### THE PROBLEM
Write out, please, each line from the one containing "Independence Day Chest" to the final line of the data, both included, exactly and without pictures.

### GIVEN MATERIAL

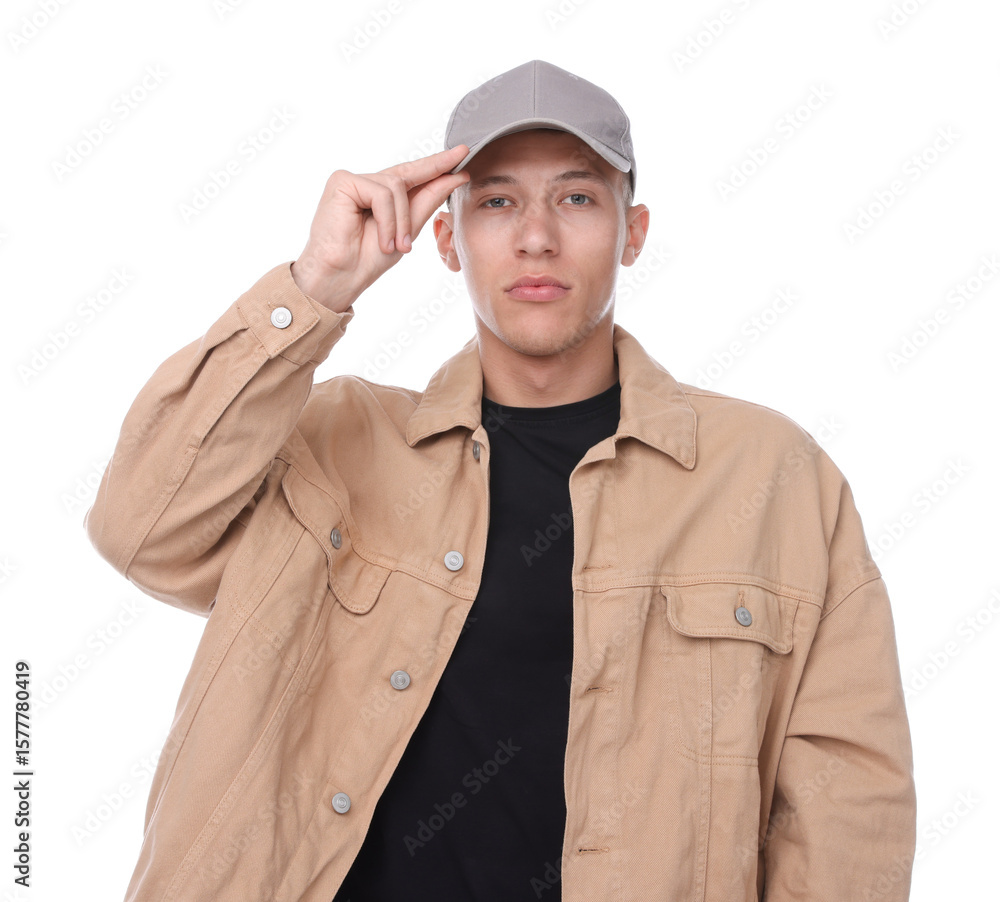 Young man wearing stylish grey baseball hat on white background Young man wearing stylish grey baseball hat on white background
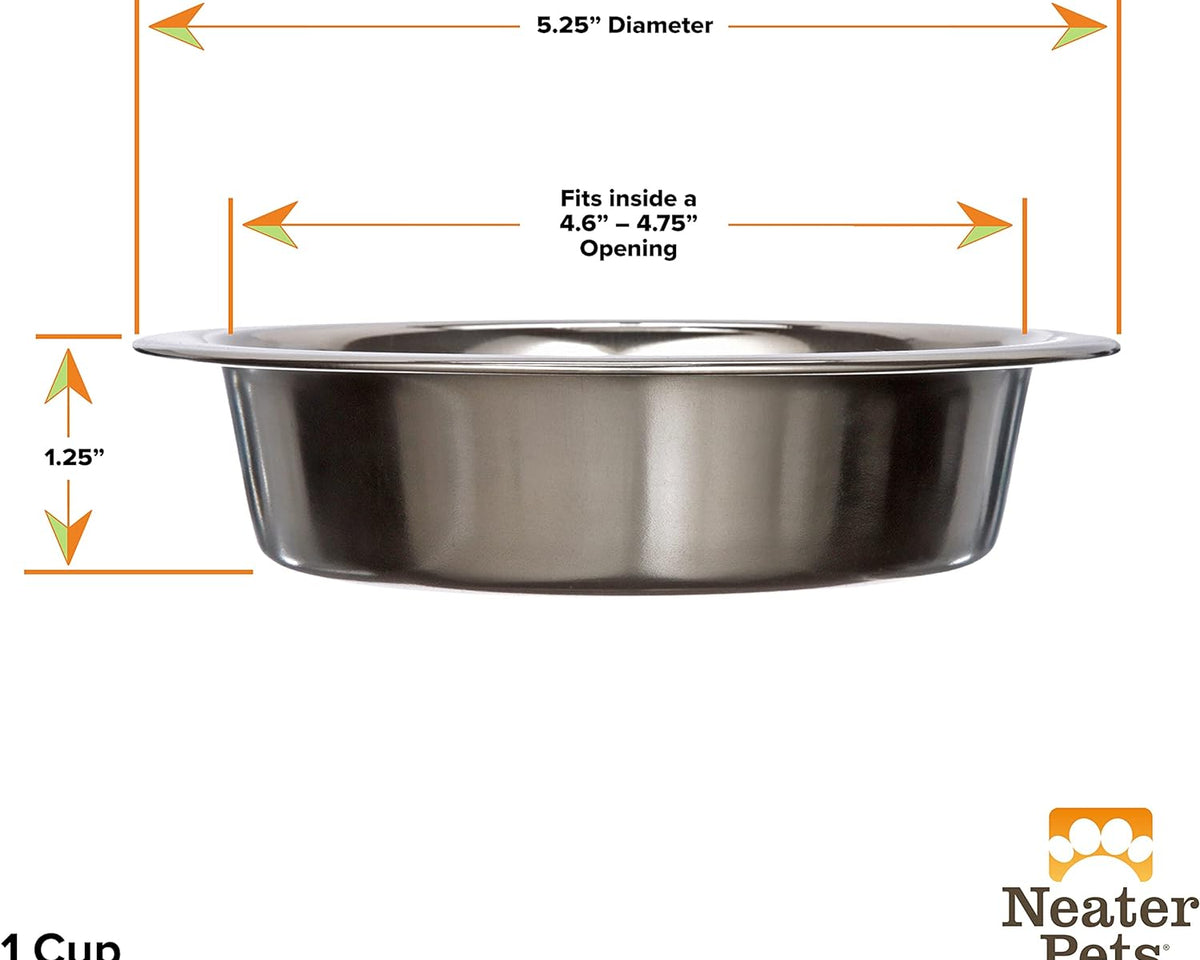 Set of 2 Shallow Stainless Steel Cat Bowls (1 Cup / 8 Oz.) - Replacement Dishes for Neater Feeder Express & Deluxe, Whisker-Friendly and Dishwasher Safe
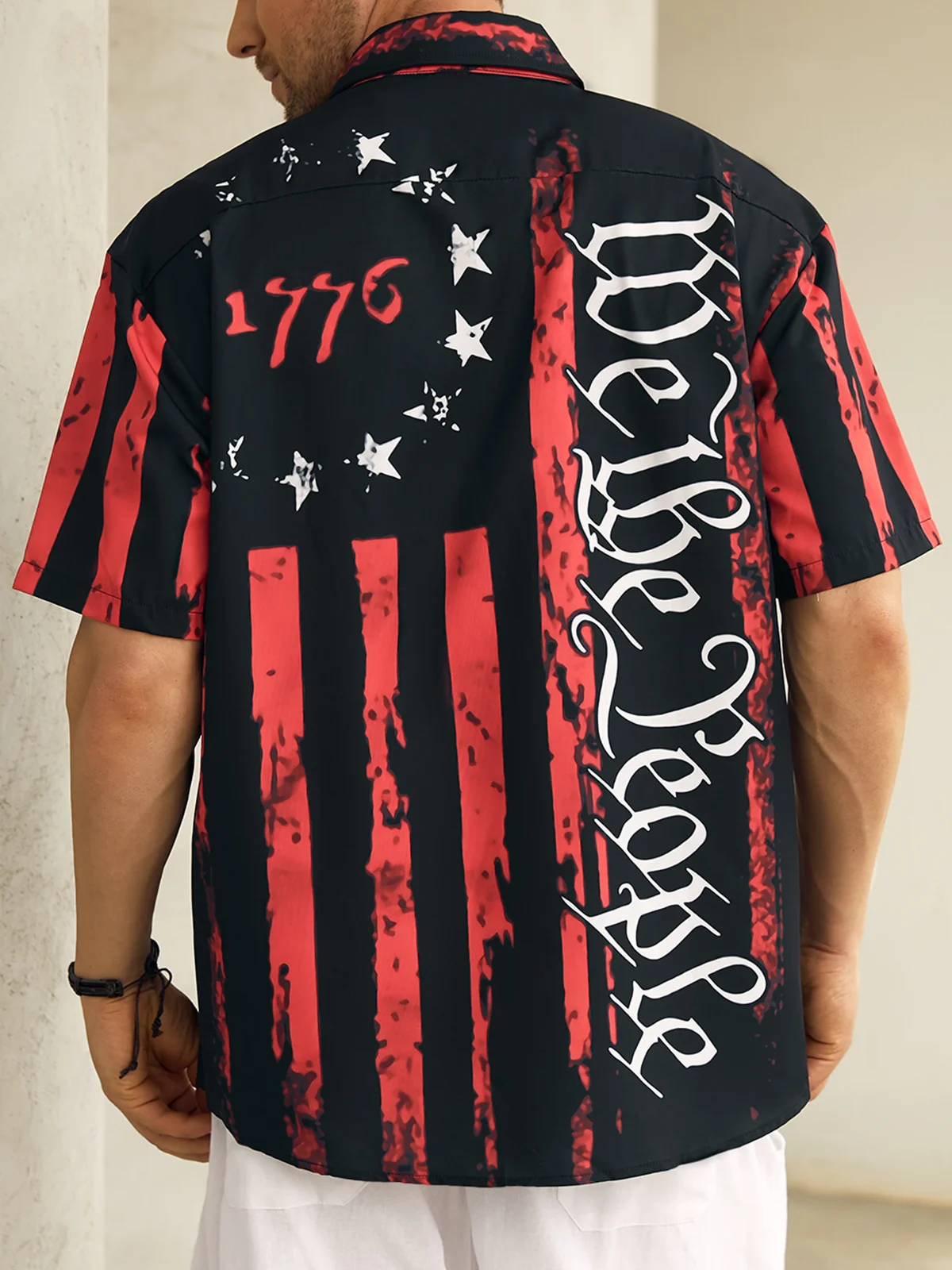 Independence Day Chest Pocket Short Sleeve Shirt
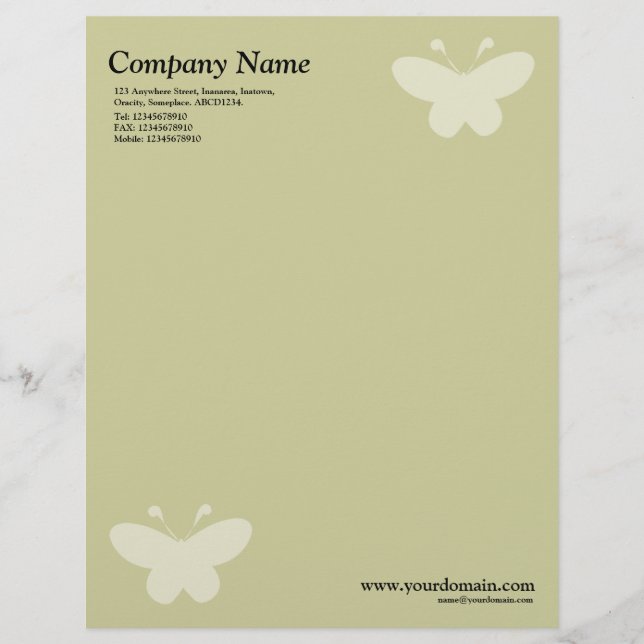 Elegant Butterfly Motif - Light Khaki Brevhuvud (Framsida)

### RESULT FOR THIS EXERCISE
 Independence Day Chest Pocket Short Sleeve Shirt
 Elegant Butterfly Motif - Light Khaki Brevhuvud (Framsida)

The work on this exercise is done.